Sitting cross-legged on a meditation cushion on the floor of a Bowery yoga studio, 29-year-old Ethan Nichtern -- a community organizer, writer and Buddhist teacher -- looked around at the roomful of 20- and 30-somethings.
"Remember the Road Runner versus Wile E. Coyote cartoons? In New York we often feel like a drugged-out version of Road Runner -- running all over the place, but not getting anything done, right?"
The room nodded. What New Yorker doesn't feel like Road Runner?
"We're constantly looking three or five years ahead, waiting for that moment when you finally achieve what you set out to achieve, and it's like everything in between is just commuting," he continued. "Then it arrives, and it's kind of depleted, so you move on to the next goal." More nodding, and hands went up to describe moments of glory (the grad school acceptance letter, the coveted job, the relationship you fantasized about for ages) that eventually faded: a lesson in the classic Buddhist teaching of impermanence.
"As usual," Nichtern announced at the end of the evening, "we'll continue this conversation at the bar downstairs."
Dharma in dive bars: As the founder of the Interdependence (ID) Project, an East Village-based Buddhism meets activism nonprofit, Nichtern is used to translating the 2,600-year-old spiritual tradition of Buddhism -- sometimes still perceived in the U.S. as a throwback to the cultural exoticism of the '70s counterculture -- to the 21st century.
He's not the only one. Thirty-six-year-old Noah Levine, author of "Against the Stream: A Buddhist Manual for Spiritual Revolutionaries" and the memoir "Dharma Punx," which spawned a 1,000-member contemplative community with the same name, is also trying to give the tradition a cultural face-lift.
Nichtern and Levine, both "dharma brats" -- a term used for children of the first generation of American Buddhists -- are working to inaugurate a more contemporary and secular tradition than has previously been available, making Buddhism less about co-opting Asian cultures and more about the practical benefits of meditation and its teachings of mindfulness and compassion. These days, people aren't necessarily as interested in the mysterious Asian trappings that attracted spiritual seekers in the '60s and '70s. By tossing aside the rituals, chants and bowing that might make Buddhism seem impenetrable or alien, peppering their talks with pop-culture references to explain Buddhist concepts, encouraging political activism, emphasizing the practice of meditation and teaching in a way that Levine describes as "peer based" -- "It's not like, 'I'm the teacher, so I have all the answers and you don't have any,'" he says -- they're both attempting to distance Buddhism from its lingering hippie ethos.

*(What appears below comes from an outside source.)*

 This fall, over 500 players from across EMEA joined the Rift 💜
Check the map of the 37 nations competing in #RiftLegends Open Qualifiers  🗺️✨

They aren't the only Buddhist teachers under 40, but the casual friends and colleagues are the first to start their own independent communities based on meditation. And while attracting younger practitioners isn't necessarily a life mission for either Levine or Nichtern, their teaching styles definitely resonate with a younger generation. Between them, they're reaching people -- most of them 35 or under -- who might never walk into a traditional Buddhist center.
It might be just what American Buddhism needs. Ever since Buddhism gained a foothold during the late '60s and early '70s, when Asian teachers emigrated to America, the American face of the tradition hasn't really changed. It's just grown older. Most members of the 230 or so American Buddhist centers are over 48 years old, according to a 2001 Baylor University survey quoted in a recent article in the pan-Buddhist magazine Shambhala Sun. (Numbers are sketchy for "convert" Buddhists, ranging anywhere from 100,000 to 800,000.)

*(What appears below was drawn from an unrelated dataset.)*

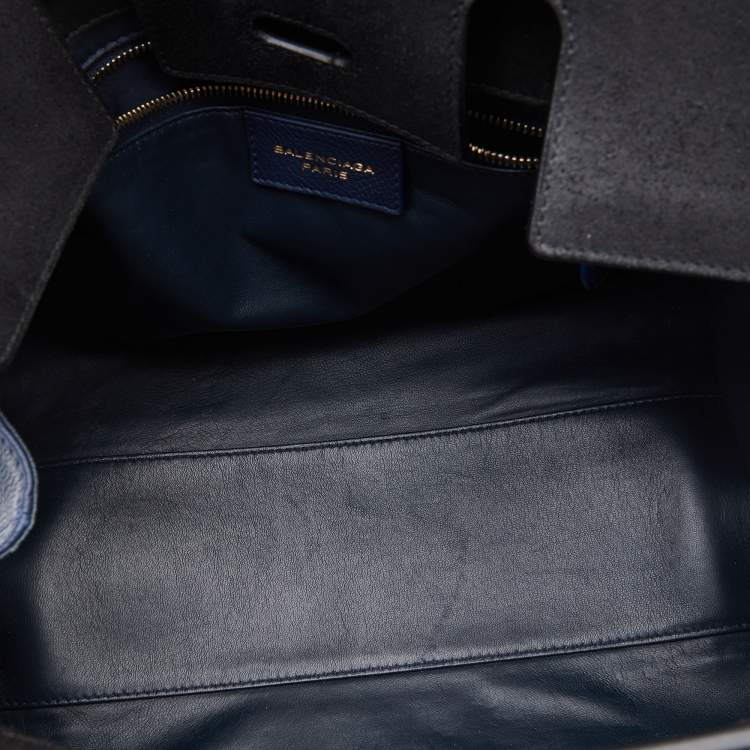Pre Owned Balenciaga Black/Blue Nubuck and Leather M Tube Round Satchel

"I'm really interested in getting Buddhism out of the 'Eastern religion' section of the bookstore," says Nichtern, whose book "One City: A Declaration of Interdependence" -- which he calls "Buddhist philosophy meets 'An Inconvenient Truth' meets a pop culturally interested urban survival guide" -- was just released by Wisdom Publications. "Buddhism is about a practice of meditation, so that an individual can develop more mental sanity and awareness of the world around her. And it's about interdependence -- which is saying that nothing on any level of our experience is happening in a vacuum. Which of those two things are either Asian or religious?"

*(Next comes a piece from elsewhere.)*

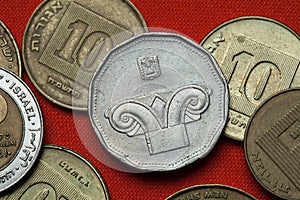Coins of Israel. Ionic column capital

"A lot of people think of meditation in the same stratosphere as psychedelics," he continues. "It still has somewhat of a tie-dye sheen to it in the collective consciousness. That's definitely keeping some people away. But the main thing keeping people away is that it's hard to look at yourself and your place in the world. Meditation practice is hard. And we don't make it any easier by making it culturally exotic or inaccessible. What people like Noah and I are trying to do is to say, this is not about 'Free Tibet.'"
"It's not about feel-good, peace, love and granola," says Levine. "It's about an inner revolution."
When I first learned to meditate five years ago, at 24, it didn't matter to me that I didn't see many young practitioners at the Shambhala Meditation Center of New York. I mean, I wasn't going to become a Buddhist or anything crazy like that. I'd just read a lot about meditation, and it seemed like a new way to deal with my insanely busy mind and lifelong battle with anxiety.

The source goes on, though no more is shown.